138. Moseley’s Finger.

by Peter Fraenkel

Sunday afternoon in summer. The year? Probably 1958 or ’59.  I was on the bus, on my way to work at Reuters, the news agency:  An awful job – terrible pay, terrible hours but I was glad to have – at long last –  found a job in England. I would work from 4 p.m. until midnight and then again from 7 a.m. next morning.  The hours between I could spend in a curtainless echoing room in the loft of Reuters’ Fleet Street offices. Sleep was difficult. Heavy lorries thundered past throughout the night, delivering huge rolls of paper. Later they carried away freshly printed newspapers.

Soon after the National Union of Journalists threatened to strike unless the rota was revised. It was.

But before I reached Fleet Street my bus skirted Trafalgar Square. A small crowd had gathered at the foot of Nelson’s Column. On a higher step stood a speaker. I recognised him at once. I had never seen him in the flesh but when he was released from wartime internment the newspapers had carried his photo.

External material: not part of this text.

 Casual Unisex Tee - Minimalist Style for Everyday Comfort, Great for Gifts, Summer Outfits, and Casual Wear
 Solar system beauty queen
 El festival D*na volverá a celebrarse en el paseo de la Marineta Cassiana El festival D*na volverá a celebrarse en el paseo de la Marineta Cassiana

During the war years he had been imprisoned as an enemy sympathiser: Sir Oswald Moseley – leader of the British Union of Fascists. But perhaps by then they had already adopted a slightly less provocative name: The Union Movement. And they no longer wore uniforms, though that must have lost them support from some who had joined just for that smart Black Shirt uniform.

I got off my bus. I had a few minutes to spare and to listen, but not too long. The early shift at Reuters could not depart until we – the replacement – had arrived.  I listened. Moseley had a powerful voice but was difficult to hear.  There was a lot of heckling. Some threw missiles but he dodged them well. He obviously had long experience of this.  I heard no denunciation of Jews – which I knew had been his favourite theme in earlier years. Perhaps after those newsreels showing the dead and dying at Auschwitz and Maidanek such crude antisemitism had gone out of fashion – at least for a while.

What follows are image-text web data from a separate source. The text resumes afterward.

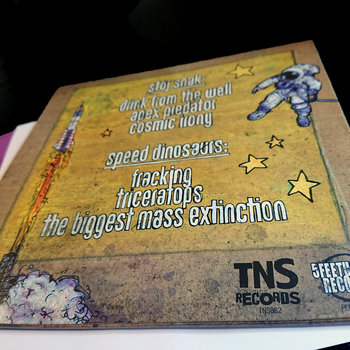 The Mass Extinction Split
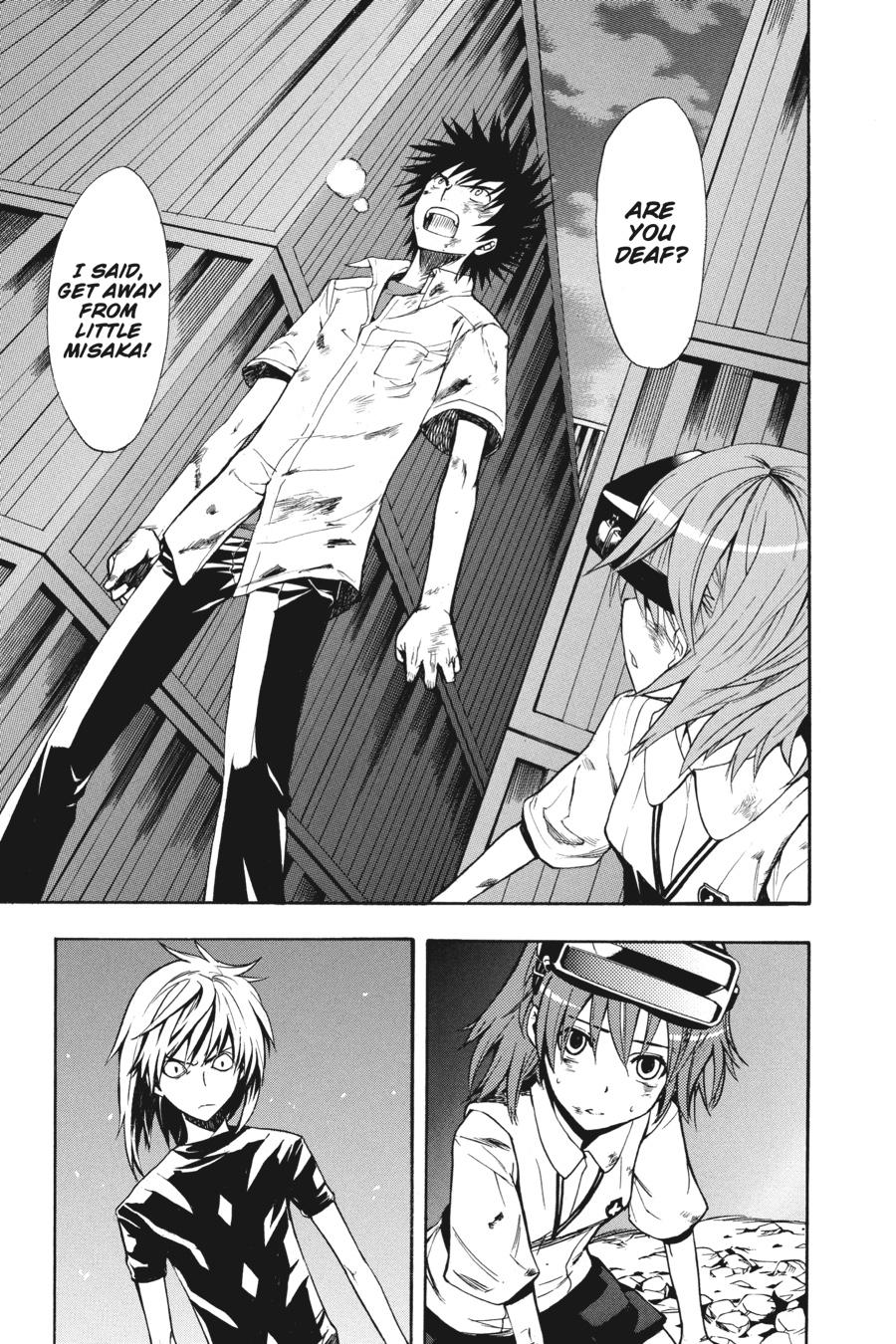 Read A Certain Magical Index Manga Online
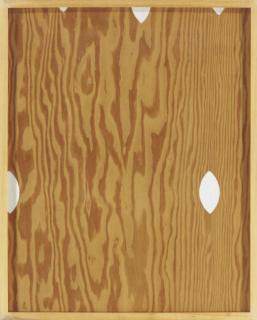 Sherrie Levine - Untitled (White Knot #8)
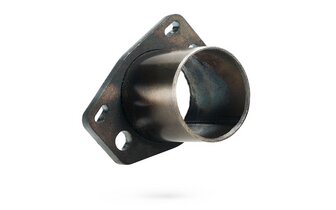 Bride d'&eacute;chappement Derbi pour pot VOCA Racing 90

He paused and placed his hands on his hips, standing defiantly, feet apart, imitating, I think, Mussolini. One gesture, however, was his alone:  that index finger which he pointed at his audience and shook in warning at the fate that would overwhelm Britain. One or two of his listeners laughed and started to imitate his gesture. Before long almost all his listeners were shaking their finger at him. I had to laugh to see so many aping that gesture. He denounced the immigration of foreigners. English stock would be polluted, debased by black migrants. The English would become a bastard race.

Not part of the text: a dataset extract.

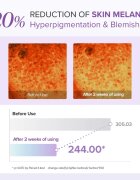 Mary&May Tranexamic Acid + Glutathione Eye Cream притивобръчков крем за околоочната зона намаляващ отоците и черните кръгове 30 гр.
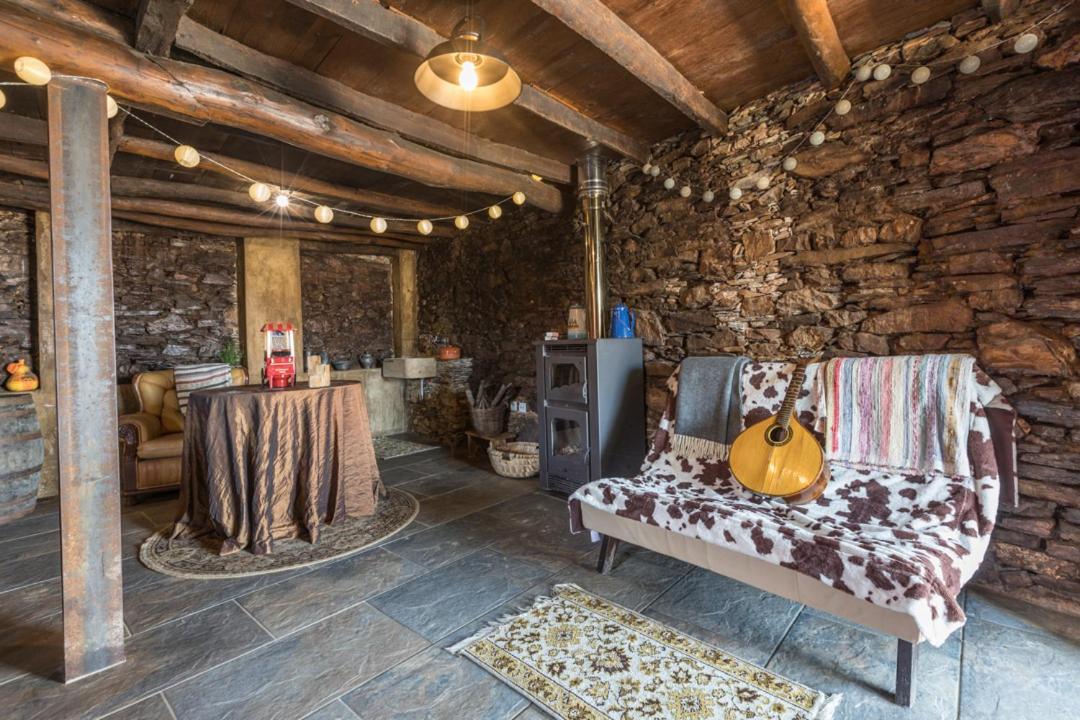 Casa Da Avo Emilia Сasa de vacaciones *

My shift was due to start. I had to leave. At Reuters a colleague told me, Moseley was hoping to revive the Union of Fascists. My colleague didn’t think it would work. He was right.

A little later I read that Mosley had gone off to live in France. He owned an estate there.  He was apparently never short of money. None of his property had been confiscated even when he was interned as an enemy sympathiser. He was, they said, back to seducing women.